→ **TASK TO CARRY OUT**
Below are lines of records; copy exactly those from the one containing "CY8CKIT-042 Dev.kit: Cypress;" through the one containing "The Inn at English Meadows - image 50", leaving the pictures behind.

→ **INFORMATION SUPPLIED**
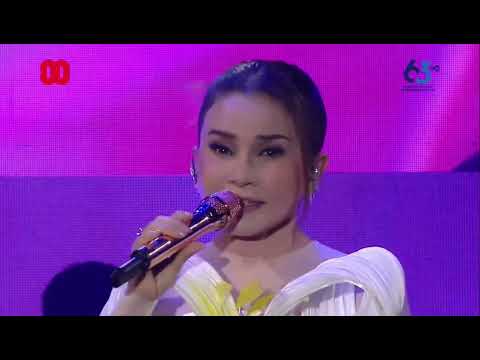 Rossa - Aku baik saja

* * *

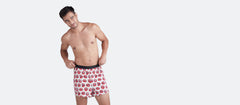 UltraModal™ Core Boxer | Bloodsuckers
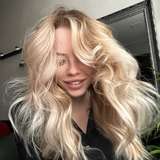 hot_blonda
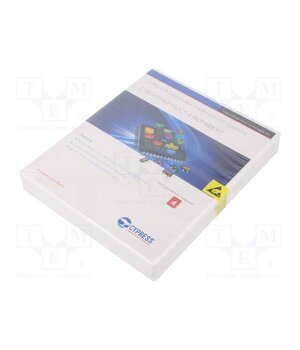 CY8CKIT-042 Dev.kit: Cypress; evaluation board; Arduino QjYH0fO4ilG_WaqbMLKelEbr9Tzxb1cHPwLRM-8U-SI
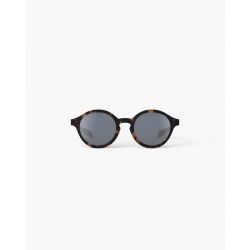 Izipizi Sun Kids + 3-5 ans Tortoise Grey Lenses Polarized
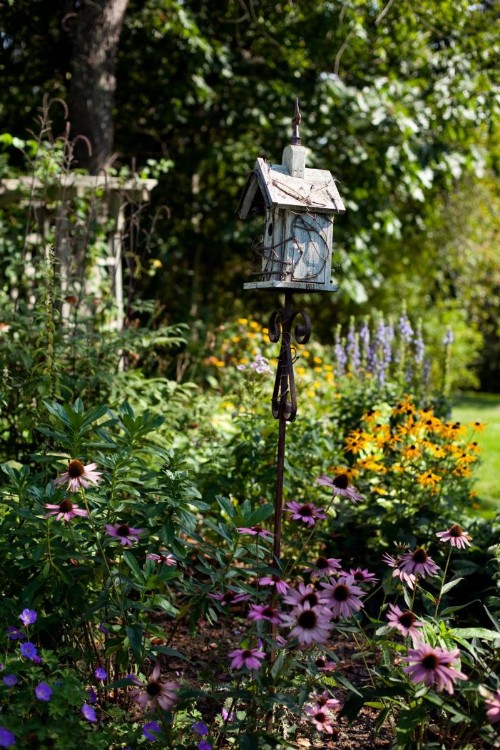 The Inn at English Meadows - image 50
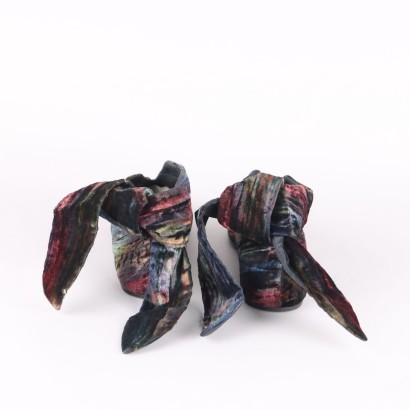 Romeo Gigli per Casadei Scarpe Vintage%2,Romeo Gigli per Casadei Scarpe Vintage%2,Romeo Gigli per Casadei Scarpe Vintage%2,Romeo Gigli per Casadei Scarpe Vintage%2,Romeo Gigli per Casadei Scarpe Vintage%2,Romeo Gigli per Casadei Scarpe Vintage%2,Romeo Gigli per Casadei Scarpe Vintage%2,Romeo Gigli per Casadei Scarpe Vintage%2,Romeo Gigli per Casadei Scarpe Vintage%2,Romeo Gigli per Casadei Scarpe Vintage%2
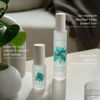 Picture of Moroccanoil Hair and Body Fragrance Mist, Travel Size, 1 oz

==

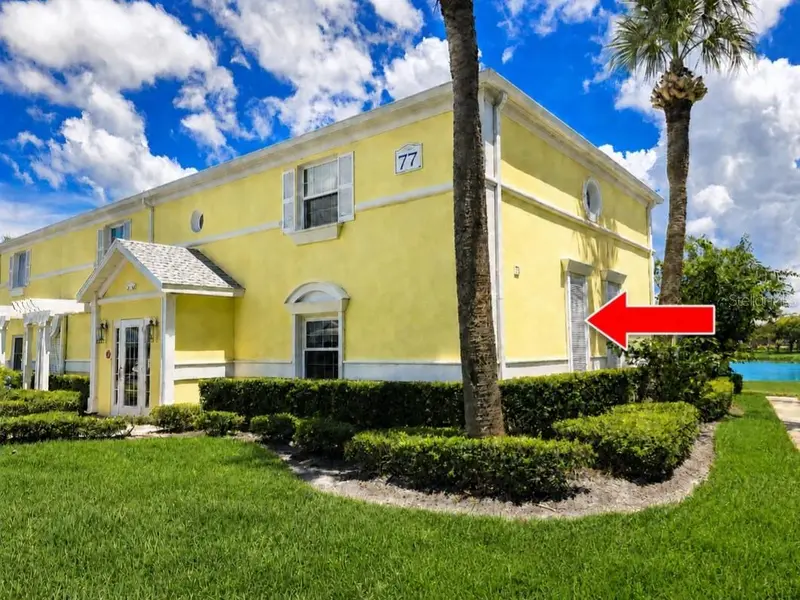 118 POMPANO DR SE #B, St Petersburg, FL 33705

→ **ANSWER BELOW**
 CY8CKIT-042 Dev.kit: Cypress; evaluation board; Arduino QjYH0fO4ilG_WaqbMLKelEbr9Tzxb1cHPwLRM-8U-SI
 Izipizi Sun Kids + 3-5 ans Tortoise Grey Lenses Polarized
 The Inn at English Meadows - image 50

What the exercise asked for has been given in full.